Kritik zu Hoffenheim – Das Leben ist kein Heimspiel
Die für viele unglaubliche und für manche unerhörte Aufstiegsgeschichte der TSG 1899 Hoffenheim, gewissermaßen als Making-of, denn die Dokumentaristen Frank Marten Pfeiffer und Rouven Rech filmten seit der Kreisliga
Winterlandschaft im Nebel: erfrorenes Blassgrün, Stoppelfelder und Zäune, malerische Melancholie. Und auf einer Landstraße eine Limousine mit ein paar Herren, die die Natur ganz unromantisch in den Blick nehmen und ihre Einbildungskraft dafür nutzen, sich hier Riesenparkplätze und Stadiontore vorzustellen. Das war im Januar 2007, die Szene steht zu Beginn des Films. Die Herren haben den Auftrag, den Drittliga-Fußballklub eines 3.000-Einwohner-Dorfes in der badischen Provinz zu einem professionellen Erstligisten zu machen – und das bitte schnell! Dafür braucht man nicht nur fußballerische Erfolge, sondern auch die materielle Infrastruktur, die das Reglement vorgibt: Parkplätze eben. Finanzielle Liquidität. Und statt des Dorfsportplatzes ein Stadion mit Flutlichtanlage, das mindestens 35.000 Zuschauer fasst.

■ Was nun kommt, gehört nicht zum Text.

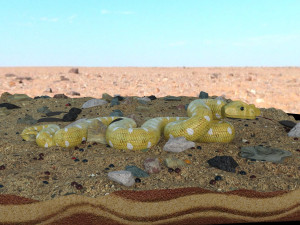 snake in the desert 3D Модель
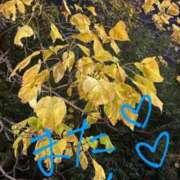 ヒメ日記 2025/11/16 23:30 投稿 おむ 手こき＆オナクラ 大阪はまちゃん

Im Augenblick (16. Spieltag 2010) steht die TSG 1899 Hoffenheim auf Platz 6 der Erstligatabelle. Und die Geschichte von SAP-Milliardär Dietmar Hopp, der mit gewaltigen Investitionen und dem Einkauf hochkarätiger Spieler aus aller Welt die Erfolgsstory seiner Truppe befeuert, dürfte mittlerweile selbst Fußballignoranten vertraut sein. Doch die Dokumentaristen Frank Marten Pfeiffer und Rouven Rech haben sich schon vor dem aktuellen Hype für die Geschichte interessiert; so früh, dass sie bei vielen entscheidenden Stationen dabei waren beim »Projekt Hoffenheim«. So kann auch ein größeres Publikum jetzt den von Hopp engagierten Geschäftsführer Jochen Rotthaus beim unaufhaltsamen Aufstieg begleiten: Antragserstellung, Sponsorenverhandlungen, Architektengespräche – und immer wieder Goodwillbesuche bei Einwohnern und Fans. Bis dann 2009 wirklich das erste Spiel stattfindet im neuen riesigen Stadionbau.
Rotthaus ist Marketingprofi und beim Reden von Core-Business und Markeneffekten möchte einem manchmal schlecht werden. Denn »Das Leben ist kein Heimspiel« (auch ein Rotthaus-Zitat) ist keine langweilige Jubelstory. Und wie in jeder guten Geschichte gibt es auch hier hartnäckige Antagonisten. Das sind einmal die treualten Fans des Vereins, Torro und seine Fanclubkumpanen, die die Majorisierung ihres Clubs durch alerte Jung-Hoffisten misstrauisch beäugen: Nikotin- und alkoholaffine Old-School-Aficionados in Böhse-Onkelz-T-Shirts, die die gesponserte Jubelparty in der Eventhalle trotzig boykottieren und von Rotthaus ausdauernd umworben werden. Außerdem gibt es auch heftige Feindschaft vonseiten der etablierten Ligavereine.
Letztere wird – konsequentem Durchhalten der Innenperspektive geschuldet – im Film nur kurz durch Medienzitate angerissen. Umso deutlicher zeigt er dafür, was die oft beklagte Verdrängung traditioneller Fankultur konkret bedeutet. Denn in diesem Punkt ist die Geschichte der TSG symptomatisch für in anderen Vereinen schleichender stattfindende Prozesse. Darin, dies anschaulich zu machen, liegt auch die große Stärke des kommentarlosen Films, der besonders im Musikeinsatz nicht unbedingt Erstliganiveau erreicht. Viel Hoffnung auf Versöhnung gibt es nicht: Am Ende sitzt Torro einsam vor dem Stadion, während drinnen die Menge jubelt.